- Exercise -
Only the lines below from the one with "I am actually" through the one with "I'm going to" are to be written out, exactly and without any images.

[Stored items]
+===+

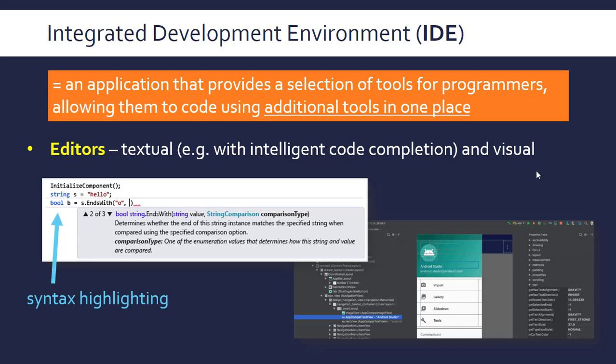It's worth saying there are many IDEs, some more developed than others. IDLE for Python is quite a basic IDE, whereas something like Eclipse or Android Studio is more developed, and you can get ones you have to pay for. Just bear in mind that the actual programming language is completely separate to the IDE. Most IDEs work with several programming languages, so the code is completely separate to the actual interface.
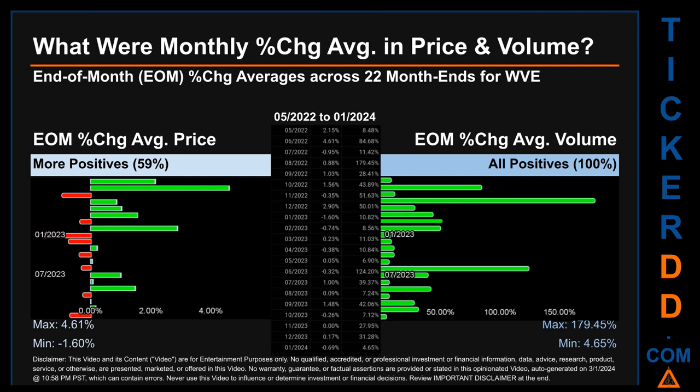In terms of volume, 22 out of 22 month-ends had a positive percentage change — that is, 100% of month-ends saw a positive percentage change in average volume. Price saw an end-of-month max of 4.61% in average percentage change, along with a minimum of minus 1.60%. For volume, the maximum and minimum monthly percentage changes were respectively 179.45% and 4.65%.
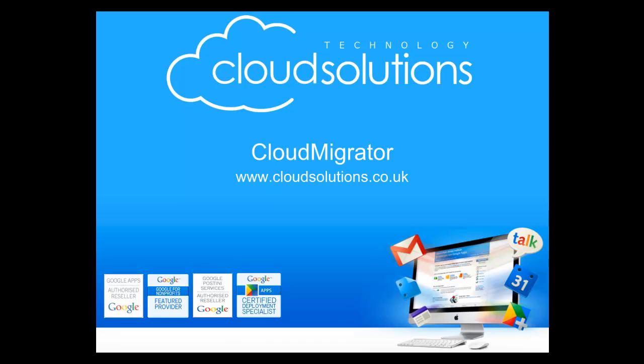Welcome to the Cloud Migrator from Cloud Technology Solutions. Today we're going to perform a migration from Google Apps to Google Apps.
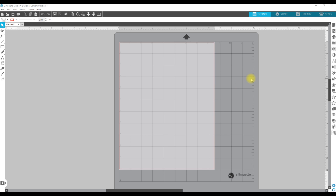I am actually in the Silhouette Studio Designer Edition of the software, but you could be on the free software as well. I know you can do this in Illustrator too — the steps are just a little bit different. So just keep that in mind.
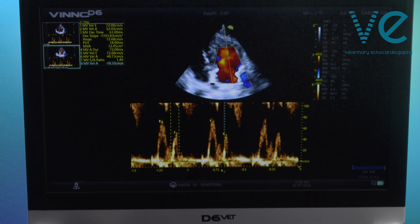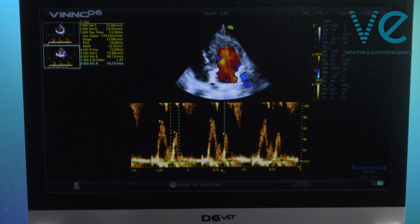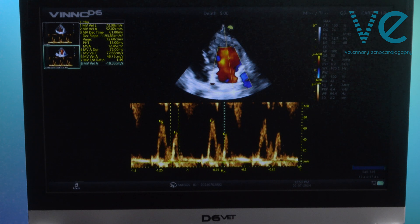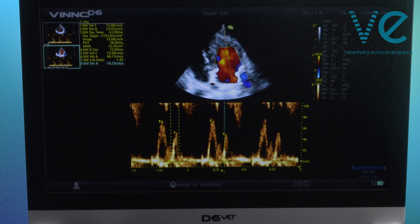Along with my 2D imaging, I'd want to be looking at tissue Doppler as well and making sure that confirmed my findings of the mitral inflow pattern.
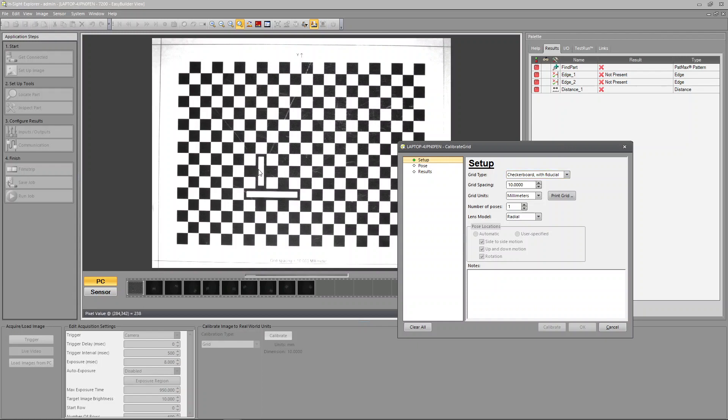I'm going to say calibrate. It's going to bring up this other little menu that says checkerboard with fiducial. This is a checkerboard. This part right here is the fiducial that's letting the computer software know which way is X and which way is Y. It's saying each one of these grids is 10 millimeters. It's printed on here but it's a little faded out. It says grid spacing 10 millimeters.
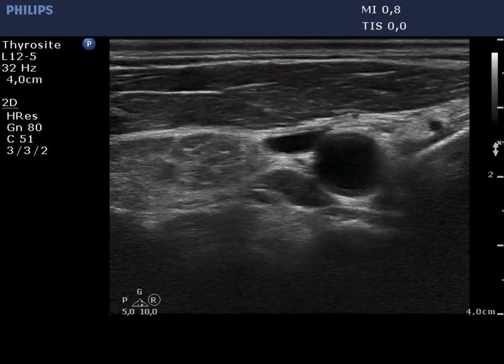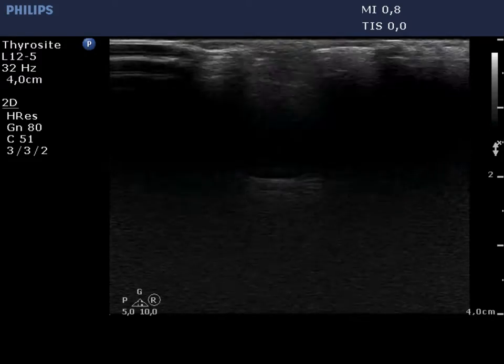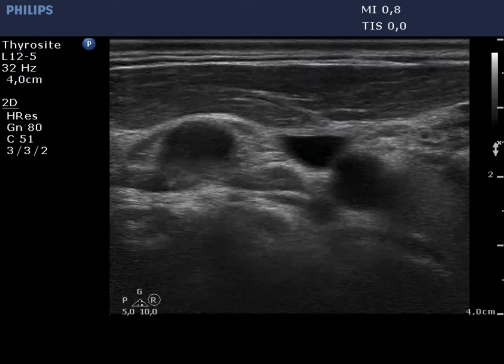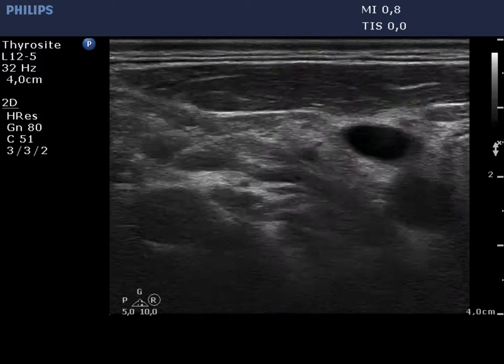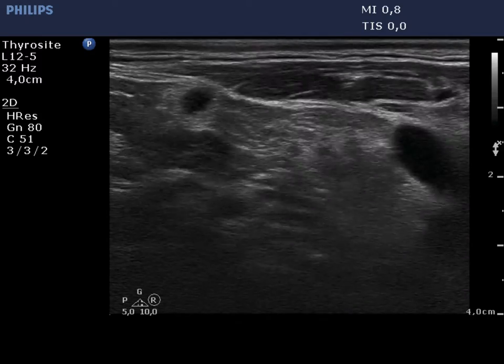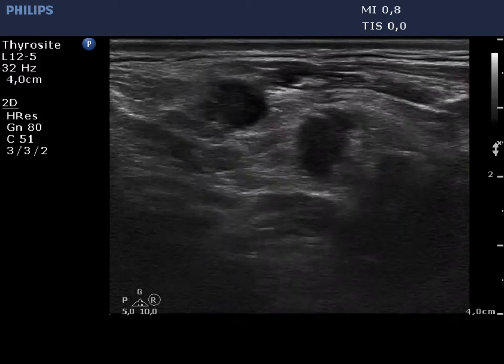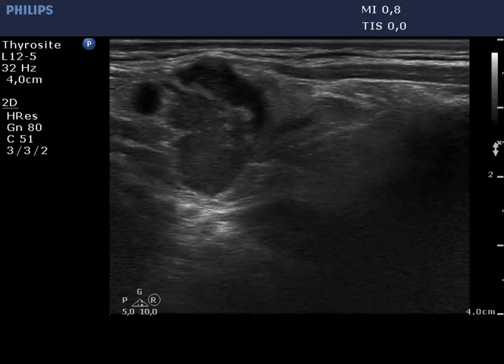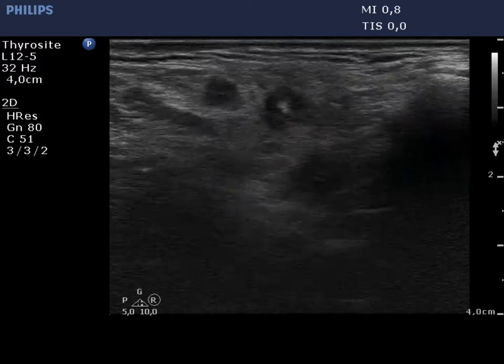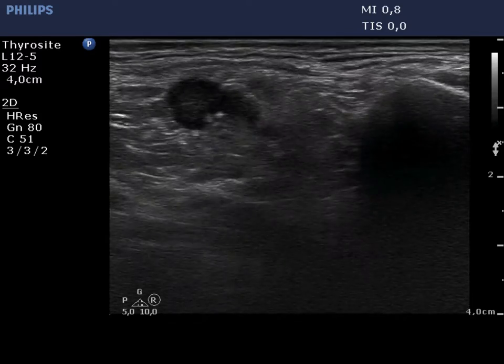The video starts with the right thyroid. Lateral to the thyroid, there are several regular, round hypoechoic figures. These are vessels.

+===+

- Result below -
I am actually in the Silhouette Studio Designer Edition of the software, but you could be on the free software as well. I know you can do this in Illustrator too — the steps are just a little bit different. So just keep that in mind.
Along with my 2D imaging, I'd want to be looking at tissue Doppler as well and making sure that confirmed my findings of the mitral inflow pattern.
I'm going to say calibrate. It's going to bring up this other little menu that says checkerboard with fiducial. This is a checkerboard. This part right here is the fiducial that's letting the computer software know which way is X and which way is Y. It's saying each one of these grids is 10 millimeters. It's printed on here but it's a little faded out. It says grid spacing 10 millimeters.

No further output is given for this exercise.